BEGIN GIVEN ENTRIES

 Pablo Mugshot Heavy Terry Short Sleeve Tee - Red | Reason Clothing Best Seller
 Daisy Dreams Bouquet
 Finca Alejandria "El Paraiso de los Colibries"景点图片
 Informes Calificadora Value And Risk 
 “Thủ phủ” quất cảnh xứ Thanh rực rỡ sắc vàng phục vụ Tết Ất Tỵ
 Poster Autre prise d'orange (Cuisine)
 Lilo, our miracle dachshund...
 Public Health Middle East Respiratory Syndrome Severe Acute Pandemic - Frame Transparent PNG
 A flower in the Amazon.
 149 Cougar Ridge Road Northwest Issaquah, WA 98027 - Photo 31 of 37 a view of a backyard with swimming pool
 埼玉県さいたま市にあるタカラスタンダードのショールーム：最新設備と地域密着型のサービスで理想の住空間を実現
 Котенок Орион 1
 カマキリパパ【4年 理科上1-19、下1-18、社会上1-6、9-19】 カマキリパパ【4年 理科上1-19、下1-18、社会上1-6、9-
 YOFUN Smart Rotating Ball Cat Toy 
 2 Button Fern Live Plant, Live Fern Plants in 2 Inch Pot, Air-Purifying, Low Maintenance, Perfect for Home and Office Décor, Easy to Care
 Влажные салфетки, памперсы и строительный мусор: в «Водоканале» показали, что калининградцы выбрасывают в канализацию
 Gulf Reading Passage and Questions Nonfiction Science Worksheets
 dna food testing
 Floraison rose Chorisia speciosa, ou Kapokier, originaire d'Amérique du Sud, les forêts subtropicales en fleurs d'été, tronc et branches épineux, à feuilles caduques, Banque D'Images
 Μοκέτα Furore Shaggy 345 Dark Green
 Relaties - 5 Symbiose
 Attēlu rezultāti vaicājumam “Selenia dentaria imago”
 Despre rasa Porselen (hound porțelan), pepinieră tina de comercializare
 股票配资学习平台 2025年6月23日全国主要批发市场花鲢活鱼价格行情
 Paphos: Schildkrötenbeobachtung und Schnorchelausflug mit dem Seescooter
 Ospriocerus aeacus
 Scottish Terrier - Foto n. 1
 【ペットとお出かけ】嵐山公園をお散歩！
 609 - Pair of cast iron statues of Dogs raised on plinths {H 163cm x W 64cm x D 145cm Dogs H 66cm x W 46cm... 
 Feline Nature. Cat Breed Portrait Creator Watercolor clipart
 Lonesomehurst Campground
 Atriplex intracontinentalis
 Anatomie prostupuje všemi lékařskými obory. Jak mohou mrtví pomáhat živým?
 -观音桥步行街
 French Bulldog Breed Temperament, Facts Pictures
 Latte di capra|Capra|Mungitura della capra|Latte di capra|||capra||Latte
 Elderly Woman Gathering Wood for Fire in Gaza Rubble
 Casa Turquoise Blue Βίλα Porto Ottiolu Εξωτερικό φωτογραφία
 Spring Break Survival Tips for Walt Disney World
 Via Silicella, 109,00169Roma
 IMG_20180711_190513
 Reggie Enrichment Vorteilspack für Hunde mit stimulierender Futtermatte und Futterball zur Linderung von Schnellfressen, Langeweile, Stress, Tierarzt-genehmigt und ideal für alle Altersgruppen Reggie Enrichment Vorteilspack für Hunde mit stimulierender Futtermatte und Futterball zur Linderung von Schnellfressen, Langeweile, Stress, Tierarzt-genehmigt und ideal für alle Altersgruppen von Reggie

END GIVEN ENTRIES

**YOUR TASK:**
Copy the data above in full, character for character.

**EXERCISE SOLUTION:**
 Pablo Mugshot Heavy Terry Short Sleeve Tee - Red | Reason Clothing Best Seller
 Daisy Dreams Bouquet
 Finca Alejandria "El Paraiso de los Colibries"景点图片
 Informes Calificadora Value And Risk 
 “Thủ phủ” quất cảnh xứ Thanh rực rỡ sắc vàng phục vụ Tết Ất Tỵ
 Poster Autre prise d'orange (Cuisine)
 Lilo, our miracle dachshund...
 Public Health Middle East Respiratory Syndrome Severe Acute Pandemic - Frame Transparent PNG
 A flower in the Amazon.
 149 Cougar Ridge Road Northwest Issaquah, WA 98027 - Photo 31 of 37 a view of a backyard with swimming pool
 埼玉県さいたま市にあるタカラスタンダードのショールーム：最新設備と地域密着型のサービスで理想の住空間を実現
 Котенок Орион 1
 カマキリパパ【4年 理科上1-19、下1-18、社会上1-6、9-19】 カマキリパパ【4年 理科上1-19、下1-18、社会上1-6、9-
 YOFUN Smart Rotating Ball Cat Toy 
 2 Button Fern Live Plant, Live Fern Plants in 2 Inch Pot, Air-Purifying, Low Maintenance, Perfect for Home and Office Décor, Easy to Care
 Влажные салфетки, памперсы и строительный мусор: в «Водоканале» показали, что калининградцы выбрасывают в канализацию
 Gulf Reading Passage and Questions Nonfiction Science Worksheets
 dna food testing
 Floraison rose Chorisia speciosa, ou Kapokier, originaire d'Amérique du Sud, les forêts subtropicales en fleurs d'été, tronc et branches épineux, à feuilles caduques, Banque D'Images
 Μοκέτα Furore Shaggy 345 Dark Green
 Relaties - 5 Symbiose
 Attēlu rezultāti vaicājumam “Selenia dentaria imago”
 Despre rasa Porselen (hound porțelan), pepinieră tina de comercializare
 股票配资学习平台 2025年6月23日全国主要批发市场花鲢活鱼价格行情
 Paphos: Schildkrötenbeobachtung und Schnorchelausflug mit dem Seescooter
 Ospriocerus aeacus
 Scottish Terrier - Foto n. 1
 【ペットとお出かけ】嵐山公園をお散歩！
 609 - Pair of cast iron statues of Dogs raised on plinths {H 163cm x W 64cm x D 145cm Dogs H 66cm x W 46cm... 
 Feline Nature. Cat Breed Portrait Creator Watercolor clipart
 Lonesomehurst Campground
 Atriplex intracontinentalis
 Anatomie prostupuje všemi lékařskými obory. Jak mohou mrtví pomáhat živým?
 -观音桥步行街
 French Bulldog Breed Temperament, Facts Pictures
 Latte di capra|Capra|Mungitura della capra|Latte di capra|||capra||Latte
 Elderly Woman Gathering Wood for Fire in Gaza Rubble
 Casa Turquoise Blue Βίλα Porto Ottiolu Εξωτερικό φωτογραφία
 Spring Break Survival Tips for Walt Disney World
 Via Silicella, 109,00169Roma
 IMG_20180711_190513
 Reggie Enrichment Vorteilspack für Hunde mit stimulierender Futtermatte und Futterball zur Linderung von Schnellfressen, Langeweile, Stress, Tierarzt-genehmigt und ideal für alle Altersgruppen Reggie Enrichment Vorteilspack für Hunde mit stimulierender Futtermatte und Futterball zur Linderung von Schnellfressen, Langeweile, Stress, Tierarzt-genehmigt und ideal für alle Altersgruppen von Reggie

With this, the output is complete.